- [Exercise] Please print, exactly as written, the line containing "Okay, so I have" and each line after it through the end of the material; pictures stay out.

** Opening Material provided block **

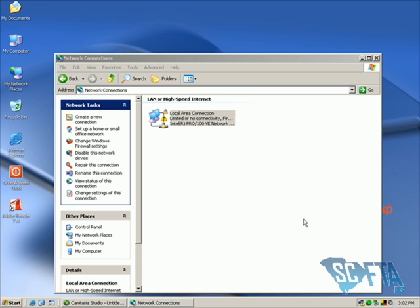This is the step-by-step walkthrough for setting up your ZoneNet wireless access point. First, go ahead and get your ZoneNet wireless access point out of the box and connect it to your PC with the supplied RJ45 cable.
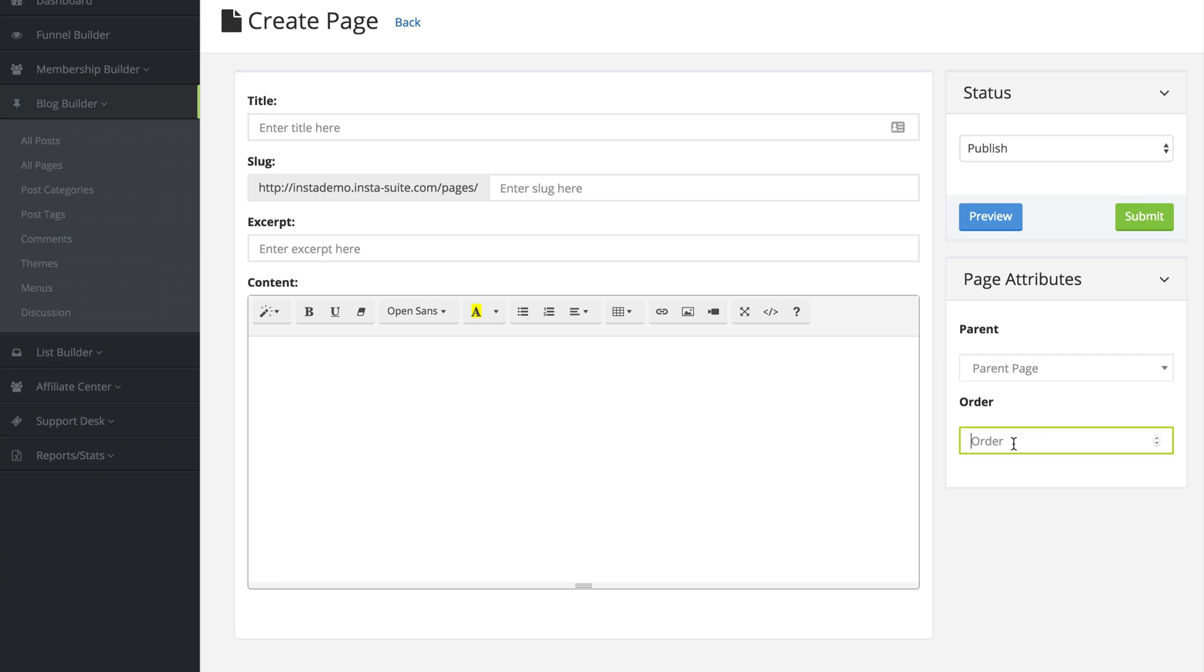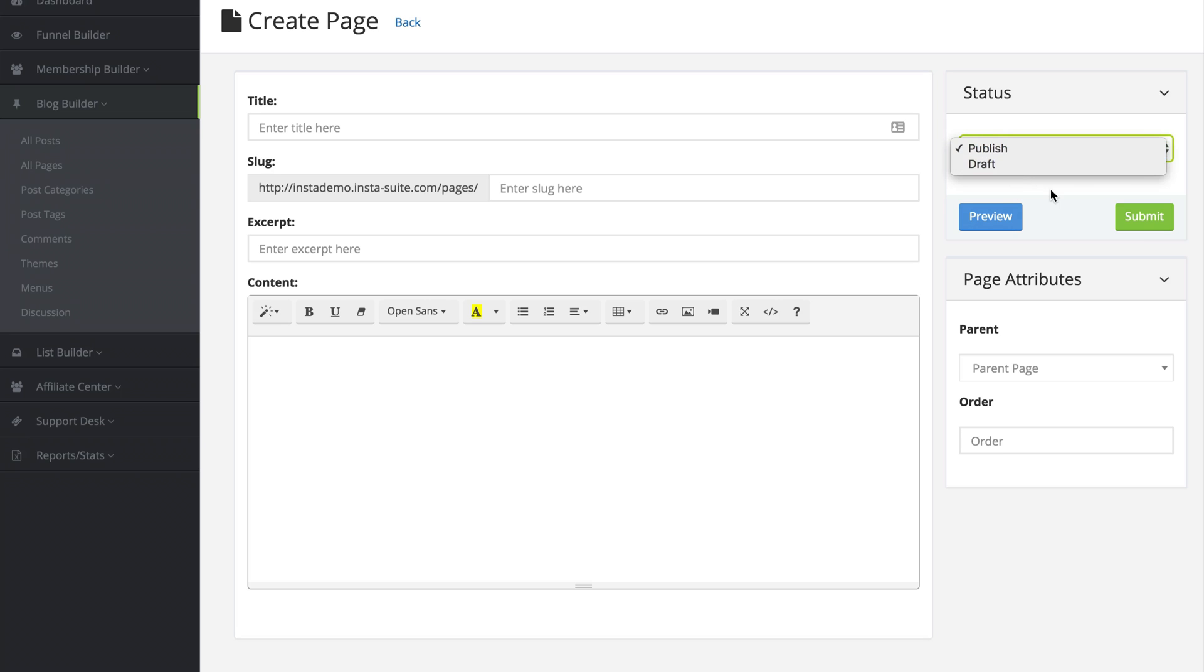Once we have all the content inserted into our page, we can choose to publish it or to save it as a draft. And once you have that page saved, you will be able to see it here inside of your pages.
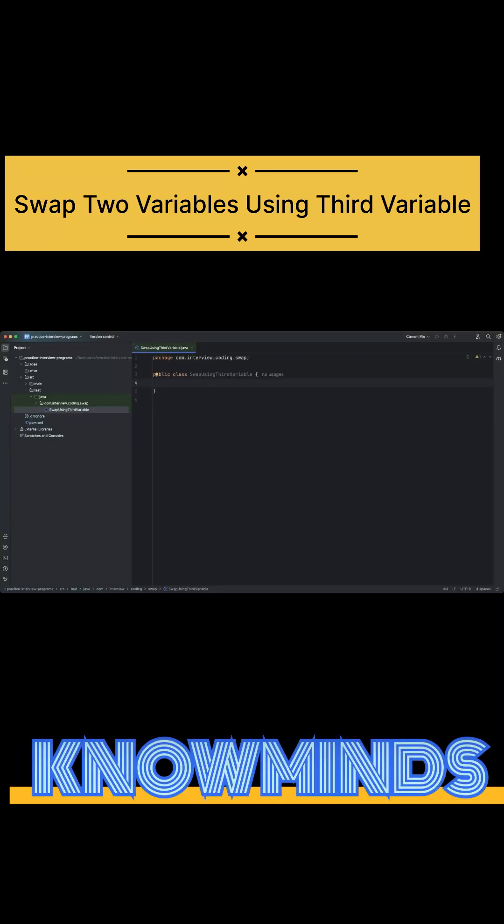Okay, so I have opened my IntelliJ and I have created a class called swap using third variable. And let's see how we achieve that swapping, so let me have my main method ready.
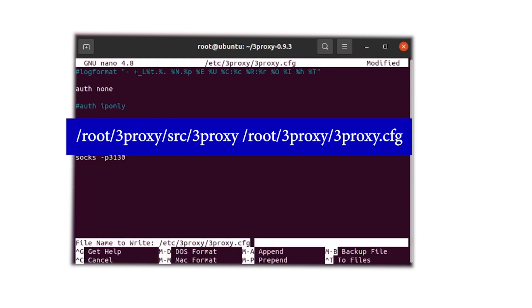To start using the proxy with 3Proxy, enter the command displayed on your screen. That's it! The specified proxy will now be enabled.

** Closing Material provided block **

- [Written solution]
Okay, so I have opened my IntelliJ and I have created a class called swap using third variable. And let's see how we achieve that swapping, so let me have my main method ready.
To start using the proxy with 3Proxy, enter the command displayed on your screen. That's it! The specified proxy will now be enabled.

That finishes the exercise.